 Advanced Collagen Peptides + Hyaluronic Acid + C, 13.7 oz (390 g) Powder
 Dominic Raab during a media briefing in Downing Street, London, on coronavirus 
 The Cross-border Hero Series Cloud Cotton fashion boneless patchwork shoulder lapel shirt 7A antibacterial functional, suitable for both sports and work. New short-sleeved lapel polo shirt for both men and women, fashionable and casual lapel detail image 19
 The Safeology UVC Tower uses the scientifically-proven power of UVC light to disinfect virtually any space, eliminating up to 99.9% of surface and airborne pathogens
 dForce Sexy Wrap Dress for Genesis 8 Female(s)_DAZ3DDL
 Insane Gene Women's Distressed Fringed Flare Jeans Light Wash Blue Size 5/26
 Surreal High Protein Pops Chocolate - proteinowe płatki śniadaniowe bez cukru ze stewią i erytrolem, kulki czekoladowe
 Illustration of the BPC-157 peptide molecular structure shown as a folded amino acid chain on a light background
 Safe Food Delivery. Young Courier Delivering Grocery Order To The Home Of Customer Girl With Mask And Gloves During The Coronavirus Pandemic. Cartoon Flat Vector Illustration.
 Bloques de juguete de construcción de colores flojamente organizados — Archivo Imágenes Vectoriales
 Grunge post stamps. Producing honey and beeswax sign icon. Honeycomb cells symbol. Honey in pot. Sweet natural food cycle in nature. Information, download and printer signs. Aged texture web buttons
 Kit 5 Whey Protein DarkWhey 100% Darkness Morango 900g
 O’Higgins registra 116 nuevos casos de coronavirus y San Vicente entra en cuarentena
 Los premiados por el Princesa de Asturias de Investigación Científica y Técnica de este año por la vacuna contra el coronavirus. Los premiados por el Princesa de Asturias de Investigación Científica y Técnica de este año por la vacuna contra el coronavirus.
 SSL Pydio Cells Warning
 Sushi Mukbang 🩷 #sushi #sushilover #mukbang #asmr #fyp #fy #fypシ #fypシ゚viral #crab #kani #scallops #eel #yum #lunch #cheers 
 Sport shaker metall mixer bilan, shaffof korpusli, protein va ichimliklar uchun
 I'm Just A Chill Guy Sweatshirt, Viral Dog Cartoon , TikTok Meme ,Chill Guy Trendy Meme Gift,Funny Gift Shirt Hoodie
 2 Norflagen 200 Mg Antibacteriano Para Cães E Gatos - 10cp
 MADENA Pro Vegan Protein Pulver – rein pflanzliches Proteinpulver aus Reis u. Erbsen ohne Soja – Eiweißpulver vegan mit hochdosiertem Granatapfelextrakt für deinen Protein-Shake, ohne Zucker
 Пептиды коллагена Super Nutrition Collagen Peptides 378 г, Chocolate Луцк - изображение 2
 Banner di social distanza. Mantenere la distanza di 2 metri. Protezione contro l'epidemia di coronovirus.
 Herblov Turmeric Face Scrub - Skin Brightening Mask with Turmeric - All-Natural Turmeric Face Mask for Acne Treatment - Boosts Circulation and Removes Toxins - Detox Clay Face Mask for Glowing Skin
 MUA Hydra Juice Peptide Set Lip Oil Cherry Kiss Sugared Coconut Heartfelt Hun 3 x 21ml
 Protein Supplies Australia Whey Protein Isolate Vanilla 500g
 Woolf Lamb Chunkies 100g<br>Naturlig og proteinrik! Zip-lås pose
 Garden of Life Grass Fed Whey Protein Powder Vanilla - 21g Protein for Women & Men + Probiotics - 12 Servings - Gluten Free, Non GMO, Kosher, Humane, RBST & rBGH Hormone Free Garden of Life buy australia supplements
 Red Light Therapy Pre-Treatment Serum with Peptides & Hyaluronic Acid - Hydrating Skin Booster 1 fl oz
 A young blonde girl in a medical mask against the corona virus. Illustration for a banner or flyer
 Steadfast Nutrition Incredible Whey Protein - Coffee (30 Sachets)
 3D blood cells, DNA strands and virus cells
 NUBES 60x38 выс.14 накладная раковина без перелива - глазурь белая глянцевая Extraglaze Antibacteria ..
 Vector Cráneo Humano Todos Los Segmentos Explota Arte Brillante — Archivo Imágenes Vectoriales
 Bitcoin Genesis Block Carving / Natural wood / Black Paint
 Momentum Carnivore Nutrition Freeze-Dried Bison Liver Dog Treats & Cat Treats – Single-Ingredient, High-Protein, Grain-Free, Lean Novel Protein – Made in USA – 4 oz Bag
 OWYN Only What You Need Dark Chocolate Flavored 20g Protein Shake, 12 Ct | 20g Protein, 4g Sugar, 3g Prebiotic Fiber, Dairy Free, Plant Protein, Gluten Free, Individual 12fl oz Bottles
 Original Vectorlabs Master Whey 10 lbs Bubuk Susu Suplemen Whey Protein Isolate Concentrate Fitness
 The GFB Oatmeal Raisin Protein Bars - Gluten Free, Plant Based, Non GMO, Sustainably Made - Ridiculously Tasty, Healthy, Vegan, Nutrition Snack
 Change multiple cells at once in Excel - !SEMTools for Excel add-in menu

_ _ _ _ _ _ _

*AIM OF THE TASK*: Working through the records, copy each line in which the word "Cartoon" appears.

*FINAL ANSWER*:
 Safe Food Delivery. Young Courier Delivering Grocery Order To The Home Of Customer Girl With Mask And Gloves During The Coronavirus Pandemic. Cartoon Flat Vector Illustration.
 I'm Just A Chill Guy Sweatshirt, Viral Dog Cartoon , TikTok Meme ,Chill Guy Trendy Meme Gift,Funny Gift Shirt Hoodie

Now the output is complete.